Ultimate attribution error
negative in-group behaviour: we judge as situational
negative out-group behaviour: we judge as personal
Social influence
How attitudes & behaviours are influenced by perceived or imagined presences
Compliance
Publicly/socially going along with certain behaviours & beliefs despite internally disagreeing. This is in response to coercion, group pressure & social influence
Principles of influence (Cialdini, 1984)
Reciprocity norm: if we receive something, we often feel obligated to return the favor
Scarcity: limited supply = more valuable
Authority: ppl with perceived knowledge/authority have influence
Commitment & consistency: we like to seem consistent in our behaviours & beliefs. once we’re committed to something we dont like backing out
Liking: people we like influence us more
Consensus/social proof: looking to social norms & peers on how to act
Foot in the door
Making a small initial request, then once the request has been accepted & completed, then making a larger request. Relates to consistency & commitment.
Door in the face
Initially make a large request, then make a smaller request which seems more manageable.
low-balling
Get someone committed to an offer, then increase the cost of the commitment afterwards.
Obedience
Responding to a direct command. This is only effective when the person giving the command is perceived to have more authority than the receiver or any other competing influencers
The Milgram Experiment
A staged shock experiment at Yale University.
The participants were the teachers, instructing a student (paid actor/pre-recorded sounds) in a separate room to perform tasks.
A researcher stood encouraging the participants to shock the learners & continuation of the experiment with pre-determined phrases
75volts - more than 330 volts - each step of the volt scale, there were specific pre-recorded responses prepared
62.5% of participants administered a lethal shock (450 volts)
Findings of the Milgram experiment
The milgram experiment has been replicated on many occasions.
Full obedience found in 28-91% of the time
No sign of relationship between gender, culture or publication year
Milgram’s thoughts: “If we had death camps in the US, it wouldn’t be too hard to find staff for them”
Milgram critique
Jarrett (20215)
many participants were sceptical of the reality of the situation
the actors playing experimenters often improvised
in partial replications of the study, nobody gave in to the final command “you have no other choice, you must go on”
in modern replications, simply ordering people was ineffective, but orders as appeals to science are
ethically evil!
Conformity
Changing our opinions, beliefs or actions to fit the norm of a situation or social sphere
Informational social influence
Conforming to others because you believe they have accurate knowledge or are acting correctly
Normative social influence
Conforming to others to gain rewards and abstain from experiencing rejection. For example: starting to play football to gain social approval because all your other friends do
Asch’s line test
50 male participants for a “vision test”
6-9 participants in a group - all were actors except 1
shown different lines - have to match the identical ones together.

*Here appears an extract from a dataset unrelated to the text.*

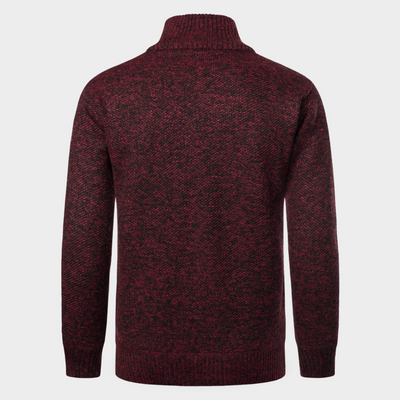Piet - warme Strickjacke mit durchgehendem Reißverschluss und Thermofutter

participant sat at the end, always answered last
actors answered wrong 12/18 tasks
75% answered wrong at least once, 50% more than six times, 5% every time
Asch’s test variables
group size - smaller groups = less conformity. 1 actor = 3% conformity, 3 actors 32% conformity
task difficulty - more likely to look to others if questions are hard
presence of dissenter - if even just 1 actor disagrees from the rest of the actor group, 5% reduced conformity approx
Asch’s line test critique
generalizability:
more likely to conform around peers or people in similar social groups?
only men participating
Ecological validity:
hard to apply to reality, we hardly encounter straight forward correct answers to things
this takes place in an artificial environment - does the fact that it take place in a lab change anything?